The closest thing I can liken it to is that feeling you get when you’ve been in a car accident and you step out all wobbly, gingerly testing every part of your body. You think you might be OK, but then again you might be missing a limb and not feeling it because you are in deep shock. Everything seems vivid and clear and surreal. You are glad to be alive.

You take deep gulping breaths and blink back tears, tears that have been lurking since you ate your PB&J sandwich at noon and waited for the kids to come back from recess.

Today you have been sad, mad, and despairing, but mostly just powerless.

Over first and second graders.

My first day as a substitute teacher might have been better without the second grade boys in the mix.
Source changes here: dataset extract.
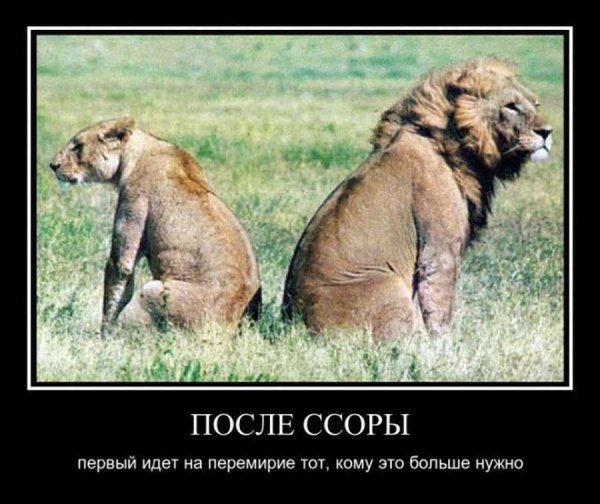 Демотиваторы про ссоры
In fact, it most definitely would have been. The paper airplanes wouldn’t be stuck on top of the ceiling light fixture and the four-foot-tall stack of plastic tubs would not have careened to the ground and scattered all the regular teacher’s folders and papers all over the floor.

I just thank God that the head of the school did not walk in at that moment. With two boys denying responsibility at higher and higher decibel levels and a third boy sobbing his heart out and the rest of the class staring at me with saucer-sized eyes, wondering if I was going to hit someone.

The girls mostly got into fights with each other over sharing toys and where things such as rocket ships and flags were supposed to be stored. There were raised voices, there were tears, there was one who sat in a corner and sulked for ten minutes. I asked her if she wanted to talk and she shook her head so I left her there. She seemed to bounce back.

I don’t know. Was this whole idea of substitute teaching a massive mistake?

My Facebook friends were so encouraging! “You’ll be amazing . . . you’ll be great . . . you have so much wisdom . . . you’ll change lives!”

Not so much.

There were moments. Helping a little girl learn to read the words “ice cream and cake” was cool, and reading Horton Hears a Who to an exhausted class at the end of the day with one small child cuddled next to me was five minutes of well-earned bliss.

A little red-headed girl who was only with my class for an hour of spelling and writing came running in to give me a hug after school.

And A, despite being in tears several times during the day, presented me with this:

A’s Gift

I don’t know whether that is a TV or a couple of aliens coming in through a window, but it matters not. I will keep this picture as a reminder of my first day as a teacher. Someday I hope to laugh about it all. Right now, my stomach hurts. I have to go back tomorrow.